RODRIGO DELLA PASQUA MAROCCO

A Folha registrou o fato na sua principal manchete do último sábado: "Fundo da Varig tem rombo de R$ 1,66 bi", completando com a explicação demolidora: "Com liquidação, atuais funcionários perderão tudo o que pouparam para sua aposentadoria". O pior é que a chamada da Folha está absolutamente correta. Do jeito que o governo entrou para "ajudar" a Varig, a levará à ruína, arrastando milhares de pessoas (são mais de 7.000 em gozo de benefícios e mais de 8.000 ativos, ou seja, para lá de 50 mil vítimas) que confiaram nas leis do país e no seu sistema de previdência complementar.
Não precisaria ser assim. E ainda dá tempo de consertar. A intervenção no Aerus e, sobretudo, a liquidação sumária dos planos de aposentadoria da Varig são medidas extemporâneas. Havia, pelo menos, quatro anos vínhamos pleiteando, no órgão fiscalizador -a SPC-, que atuasse com mais rigor e eficácia no fundo da Varig. Diz a lei complementar nº 109, que regula fundos de pensão no Brasil, no seu art. 3º: "A ação do Estado será exercida com o objetivo de... (VI) proteger os interesses dos participantes e assistidos dos planos de benefícios".
A União vem descumprindo a lei, desde que oferecemos denúncia, verbal e escrita, por mais de uma vez, aos sucessivos ministros da Previdência que por lá passaram, inclusive ao atual presidente do PT, Ricardo Berzoini, quando ocupou aquela cadeira.
O silêncio foi sempre a resposta oficial. Torna-se, portanto, insuportável e inaceitável que o governo venha, tardiamente, despertar do seu longo e distraído sono, para "prender e arrebentar" as poupanças duramente amealhadas, por profissionais aposentados, cujas famílias serão levadas ao desespero quando receberem seu último cheque do Aerus, em suas casas, com uma cartinha de "Acabou!".
Mais graves são os contornos políticos suspeitíssimos do caso. Como se sabe, os credores da Varig -trabalhadores (52%), empresas do governo (18%), arrendadores de aviões e turbinas (20%) e outros (10%)- aprovaram um plano de recuperação judicial para a empresa em 19 de dezembro último.
Antes que o gestor interino do plano pudesse respirar duas vezes, uma estatal, BR Distribuidora -credora pequena, mas fornecedora fundamental-, sacou cerca de US$ 30 milhões do caixa da Varig, ao cortar-lhe seu contrato rotativo de crédito para pagamento de combustível. Isso aconteceu em 13 de janeiro, a menos de 30 dias da aprovação do plano, que ela mesma, BR, havia apoiado. Ali começaram as penúrias da Varig pós-plano.

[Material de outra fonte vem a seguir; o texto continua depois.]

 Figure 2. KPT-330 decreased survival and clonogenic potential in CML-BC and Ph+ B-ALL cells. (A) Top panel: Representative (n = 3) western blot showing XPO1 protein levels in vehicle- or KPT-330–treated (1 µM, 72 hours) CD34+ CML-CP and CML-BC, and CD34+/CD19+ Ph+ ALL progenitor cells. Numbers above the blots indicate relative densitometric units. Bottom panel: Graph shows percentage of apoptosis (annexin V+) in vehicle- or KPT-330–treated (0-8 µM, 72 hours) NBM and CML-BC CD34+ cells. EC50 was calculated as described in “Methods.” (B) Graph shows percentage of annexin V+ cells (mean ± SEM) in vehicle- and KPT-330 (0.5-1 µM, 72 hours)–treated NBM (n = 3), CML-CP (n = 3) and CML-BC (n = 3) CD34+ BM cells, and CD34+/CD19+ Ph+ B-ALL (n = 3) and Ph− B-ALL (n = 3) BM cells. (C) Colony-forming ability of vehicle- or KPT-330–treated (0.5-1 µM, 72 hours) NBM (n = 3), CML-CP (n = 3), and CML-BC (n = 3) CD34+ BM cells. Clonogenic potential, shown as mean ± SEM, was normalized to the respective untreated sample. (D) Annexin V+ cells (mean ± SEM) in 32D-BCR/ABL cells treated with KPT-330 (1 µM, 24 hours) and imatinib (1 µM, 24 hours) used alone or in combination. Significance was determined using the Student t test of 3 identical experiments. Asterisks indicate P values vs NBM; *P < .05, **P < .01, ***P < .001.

Prevendo o pior, o Sindicato Nacional dos Aeronautas e as associações de empregados ingressaram nos últimos dias na Justiça do Trabalho, que lhes concedeu uma proteção liminar para tocar o plano de recuperação, ao segregar ativos (e passivos) operacionais, suficientes para fazer rodar a empresa, atender nossos clientes e recuperar a frota que está no chão (21 aeronaves sem peças) por meio de investimentos -no valor de US$ 100 milhões- a serem sacados pelos próprios funcionários de suas poupanças no Aerus.

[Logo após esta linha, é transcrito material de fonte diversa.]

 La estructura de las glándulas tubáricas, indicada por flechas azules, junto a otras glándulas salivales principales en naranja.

O governo não deixou. A "longa manus" do governo, a SPC, interveio no fundo para impedir a seqüência ordenada de resgate e investimento.
A leitura é clara: o governo não quer a Varig viva. Como afirmou o presidente Lula, logo após haver esnobado a presença de centenas de Variguianos clamando por equilíbrio e justiça (não por dinheiro público) à porta do seu palácio em Brasília. Ele disse: "Não cabe ao governo salvar empresa falida". Mas a Varig ainda estava e está em processo de recuperação. Pelo menos até que o governo, desrespeitando um plano privado de credores, começou a antecipar sua falência.
Tentaremos, mesmo assim, continuar voando. De subsídios a Varig nunca necessitou. Bem que o governo federal poderia deixar de fingir-se de morto, acertando suas contas de mau devedor com a Varig. De fato, dos R$ 8 bilhões devidos pela Varig aos credores e ao fisco, ela contrapõe R$ 4,5 bilhões de créditos julgados contra o governo federal, mais R$ 1 bilhão contra diversos Estados. Só com o saldo credor da Varig retido por Brasília já seria possível zerar o rombo do fundo de pensão Aerus. Não fazer isso, e quebrar a Varig, credora bilionária do governo, só elevará a conta final do sofrido contribuinte, que nada tem a ver com essa lambança federal.
Lambança ou "Varig-Gate"?


Rodrigo Della Pasqua Marocco, comandante da Varig, é presidente da Associação de Pilotos e diretor da Comissão Especial do Sindicato Nacional dos Aeronautas.